By the afternoon of May 2, it was loud and clear that women as well as men in West Bengal had not just chosen one daughter – Mamata Banerjee – but several others.
Women candidates, irrespective of their political affiliation, are basking in electoral glory, with several female nominees emerging triumphant in the high-octane elections, including TMC’s Ratna Chatterjee, Shashi Panja and Chandrima Bhattacharya, and BJP’s Agnimitra Paul, Chandana Bauri and Tapasi Mondal.
The Trinamool Congress had fielded as many as 50 women candidates this time, while the Bharatiya Janata Party nominated around 37, and both positioned women-centric issues at the heart of their poll campaigns.
Bhattacharya, the TMC’s winning candidate from Dum Dum Uttar, asserted that her party has always been sensitive to the needs of women, and will continue to empower them.
“Our poll manifesto has multiple programs for women, including monthly stipend. A lot has been done by our government to ensure that men and women are treated as equals.”
“The TMC will continue to do its bit for them in the days to come,” said Bhattacharya, who defeated her nearest rival of the BJP, Archana Majumdar, by 28,499 votes.
Echoing her, Chatterjee, the ruling party’s winner from Behala Purba, said the TMC boss, being a woman, identifies with the problems faced by the state’s women electorate.
“She is a self-made leader, and would want every woman in the state to become self-reliant, too.

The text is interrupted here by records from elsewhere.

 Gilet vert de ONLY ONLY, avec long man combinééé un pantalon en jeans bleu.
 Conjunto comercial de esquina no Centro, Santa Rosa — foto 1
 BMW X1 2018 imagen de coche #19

The TMC has floated several schemes with an eye on improving living standards of women, prioritised their health and education. As an MLA, I would also strive to uplift the condition of women in my constituency,” Chatterjee said.

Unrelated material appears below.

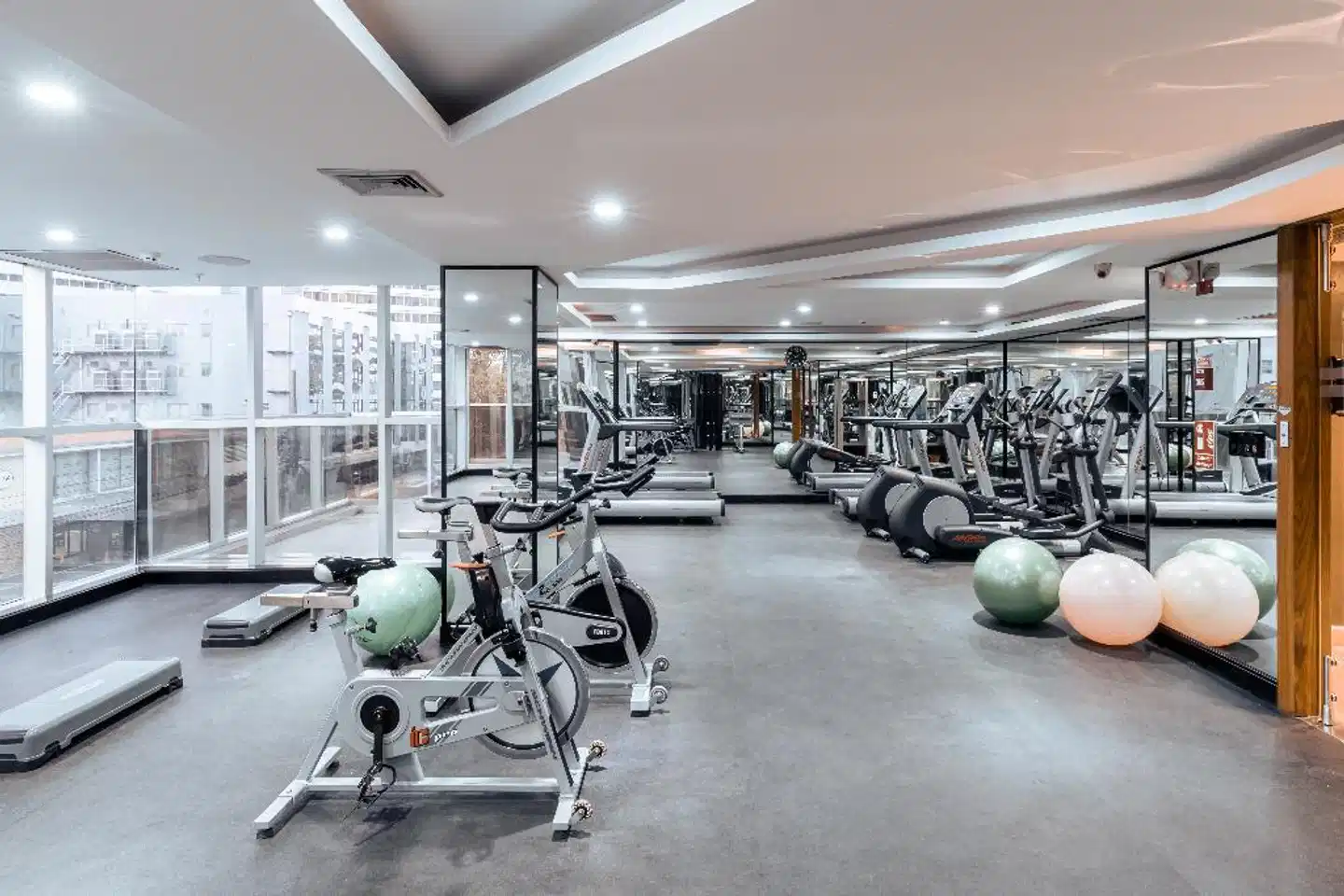 Exe Oriental Panamá Sport und Entertainment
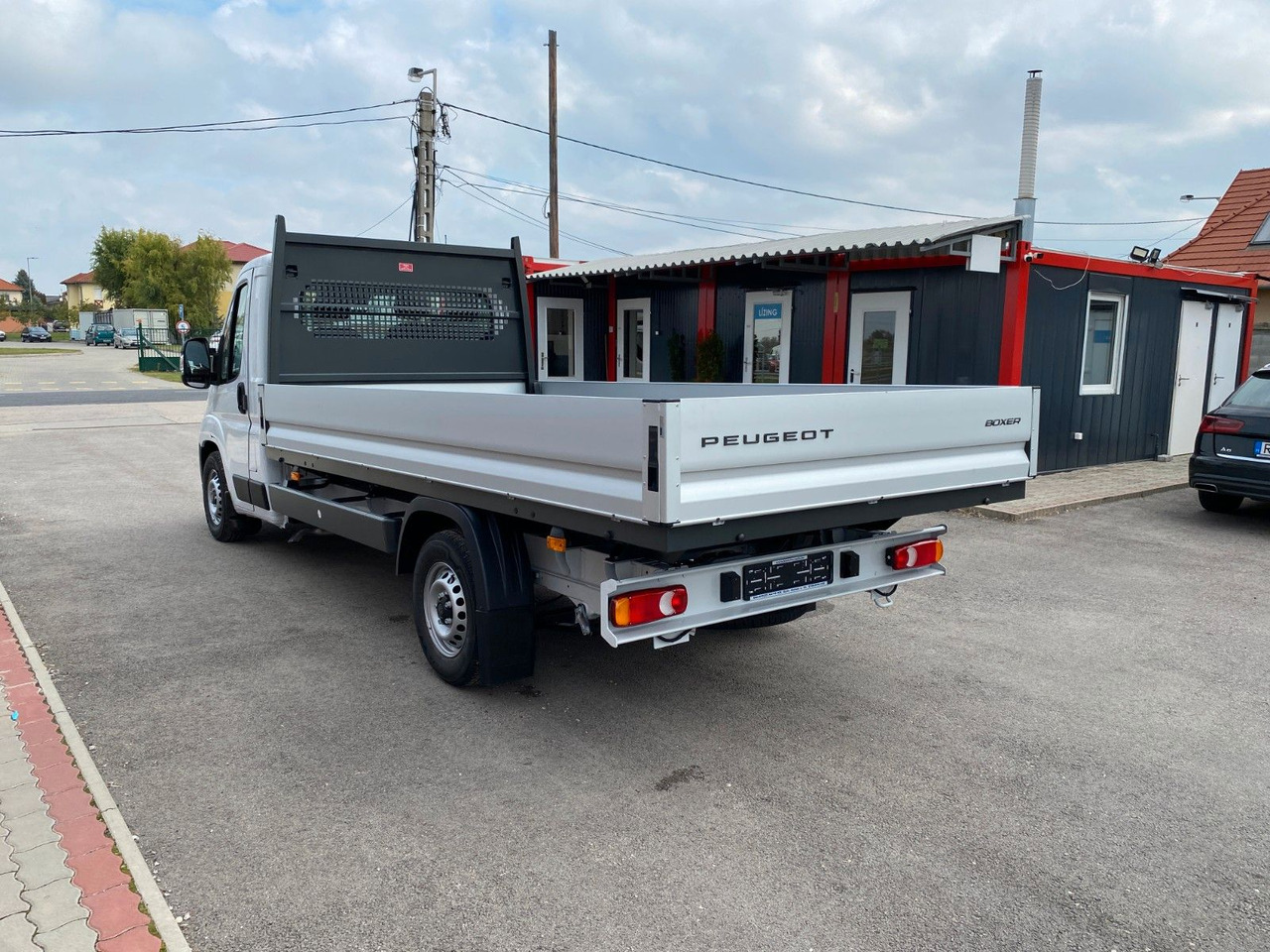 Peugeot Boxer Pritsche/Kipper 435 L4 BlueHDi 140 - Dostavno vozilo s kesonom: slika 4 Peugeot Boxer Pritsche/Kipper 435 L4 BlueHDi 140 - Dostavno vozilo s kesonom: slika 4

Women’s issues have been a rallying point for both the TMC and its bitter opponent, the BJP, ahead of the elections, with the Mamata Banerjee camp underscoring its welfare schemes such as Swasthya Sathi and Kanyashree, and the saffron party harping on the Centres Ujjwala Yojana.

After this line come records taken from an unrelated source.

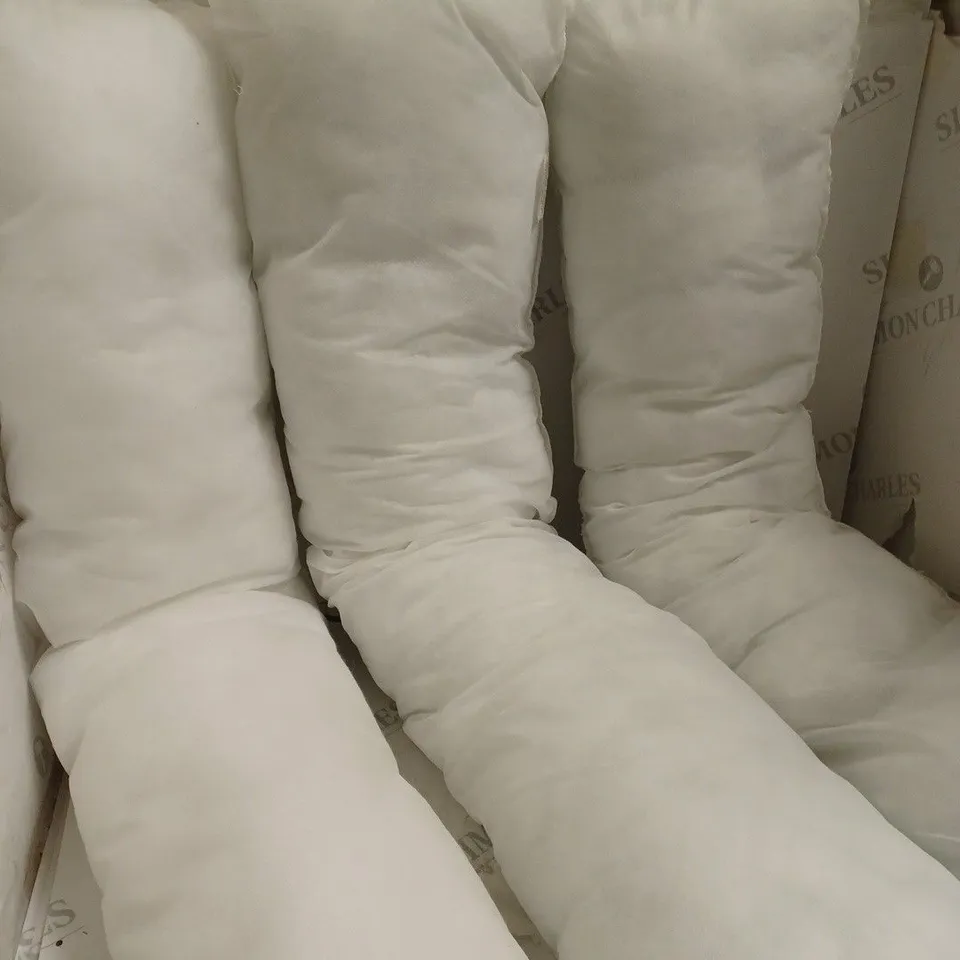 4 X PILLOW TO INCLUDE 1 X SQUARE PILLOW & 3 X NECK PILLOWS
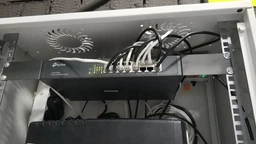 Комутатор TP-Link TL-SF1016DS некерований 16хFast Ethernet 10/100 Мбіт/с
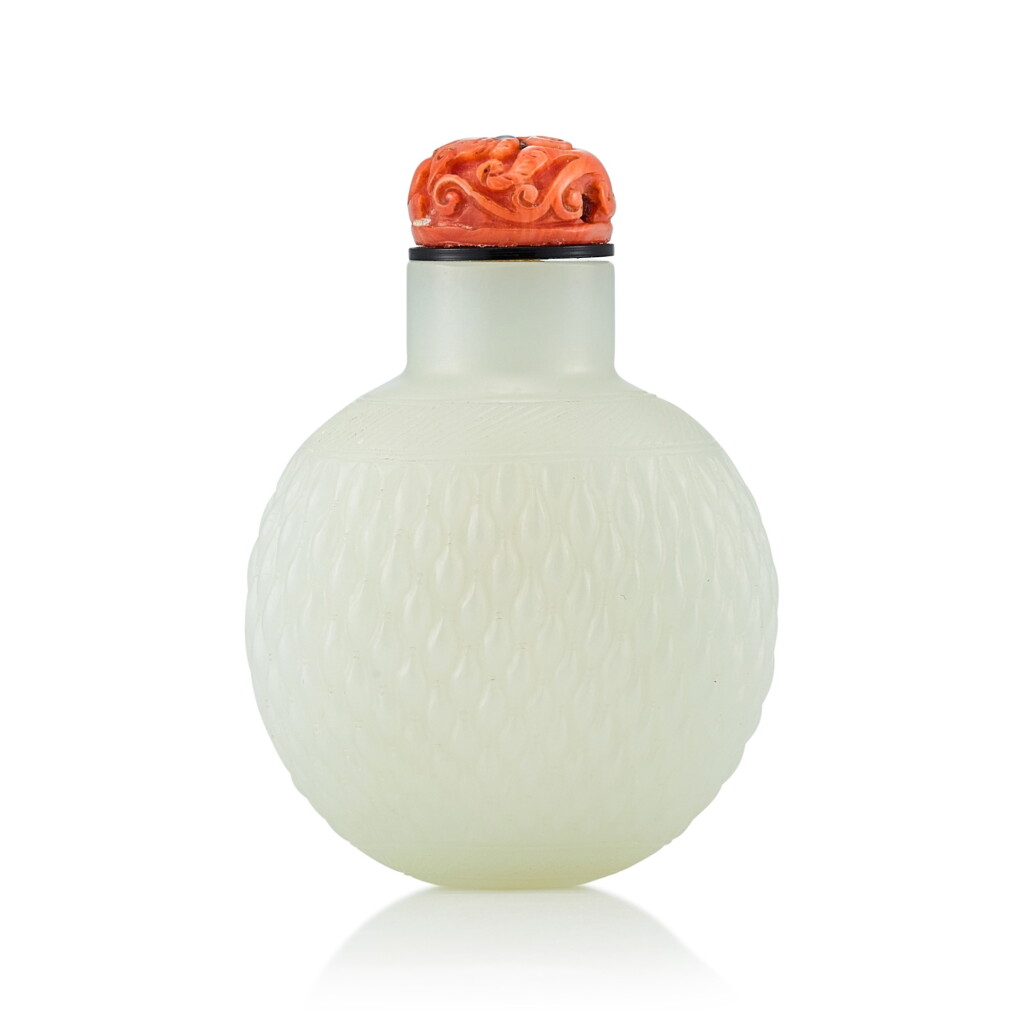 View full screen - View 1 of Lot 3031. A White Jade 'Basket-Weave' Snuff Bottle Qing Dynasty, 18th - 19th Century | 清十八至十九世紀 白玉竹簍紋鼻煙壺.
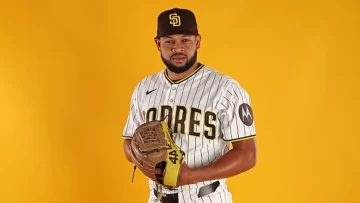 Randy Vásquez lidera a Padres en apertura ante Rockies Randy Vásquez lidera a Padres en apertura ante Rockies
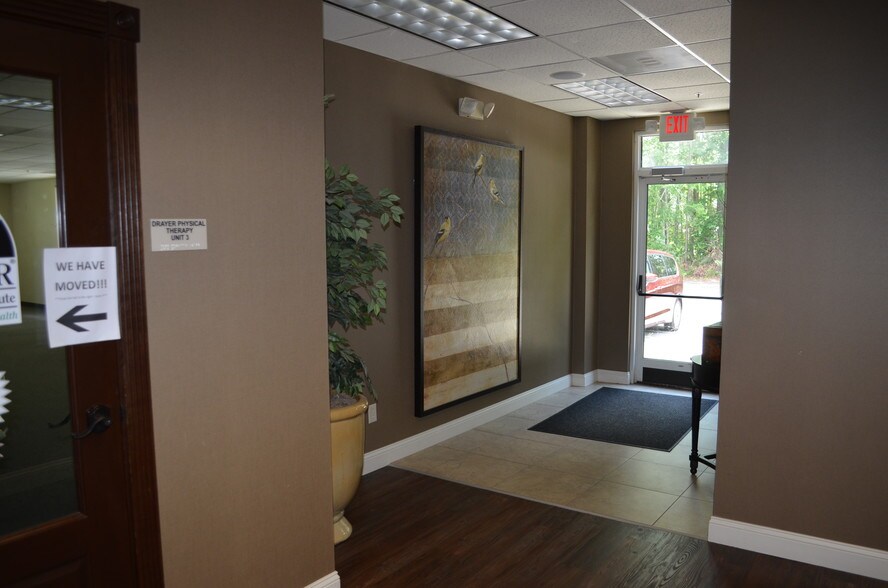 More Photos Of 10 William Pope Dr, Bluffton Medical For Lease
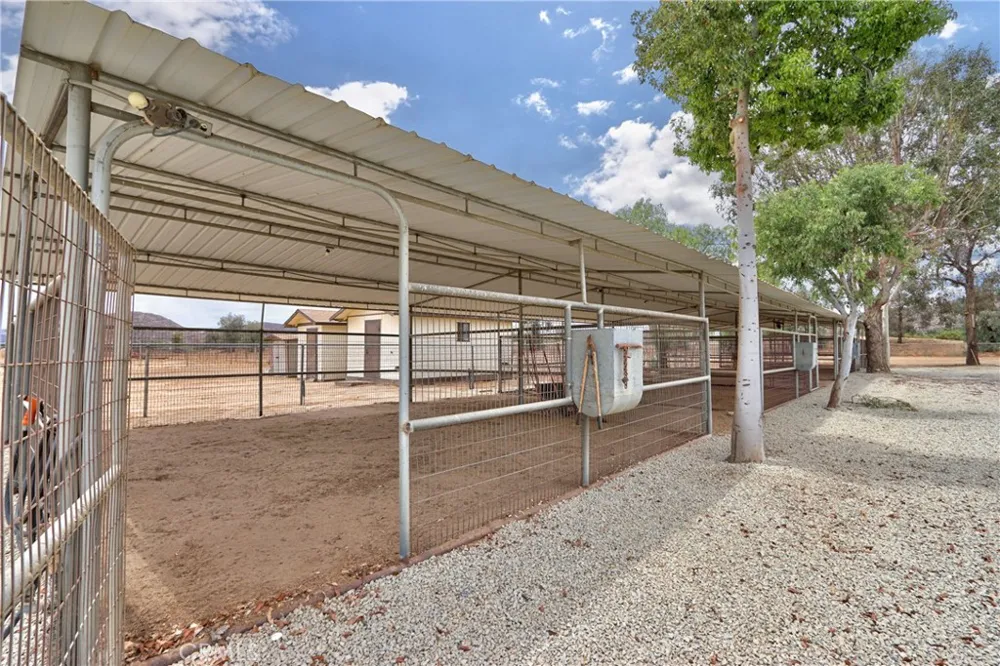 6905 W Devonshire Hemet, CA 92545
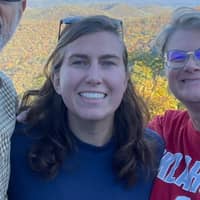 Sitter Profile Image: Amelia H.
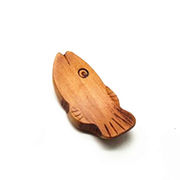 木製・漆塗　スリ　カワイ魚型　箸置き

“If one woman can show the resolve to fight all- powerful politicians from Delhi on her own, why should the women electorate not take inspiration and be a part of her battle? “Her women nominees deserved every single vote the mothers, daughters and sisters of Bengal gave them,” said Sabita Halder, who exercised her franchise from the Dum Dum Uttar constituency.
“As a woman, I felt ashamed at Dilip Ghosh’s (Bengal BJP chief) ‘Bermuda’ jibe at Mamata. PM Narendra Modi’s sarcastic ‘Didi o didi’ tone for her was also completely unwarranted. I am sure other women voters, too, took umbrage at such discourse,” Seema Pramanik, a PhD engaged in research work, who voted from the Sonarpur Dakshin constituency, said.
A video clip of Ghosh apparently suggesting Mamata Banerjee should wear Bermuda shorts to display her injured leg had triggered controversy and outrage back in March.
According to political analyst Udayan Banerjee, BJP’s aggressive election machinery did work to an extent, and the party managed to pocket some of the prized seats in the state.
What, however, went against the saffron camp were the barbs its leaders aimed at Banerjee, some of which were in poor taste, he said.
“The bermuda taunt did not go down well with women voters, who have in large numbers voted for Banerjee and her party. Modi also received flak from several quarters for her ‘Didi o didi’ exclamation in his election speeches. Goes without saying, Bengal did not take kindly to those jibes,” Banerjee added.
The BJP had also tried to curry favour with Muslim women by patting itself on the back for the initiative to abolish instant triple talaq – branding the move as a step taken towards emancipating them from the clutches of dogmatic practices.
Asked about the saffron partys persistent claims that women were unsafe in Bengal, Chatterjee — who trounced BJPs Payal Sarkar by 37,428 votes — stated, “Bengal has never experienced a Hathras-like episode, and hopefully it never will.
“BJP should first check crimes against women in Uttar Pradesh and Delhi before pointing fingers at our state. Women in Bengal are safer than in most other places in the country.”
A senior BJP leader, who did not wish to be named, claimed that lack of a chief ministerial face or an aggressive woman leader to fight Banerjee has also been a major drawback for his party.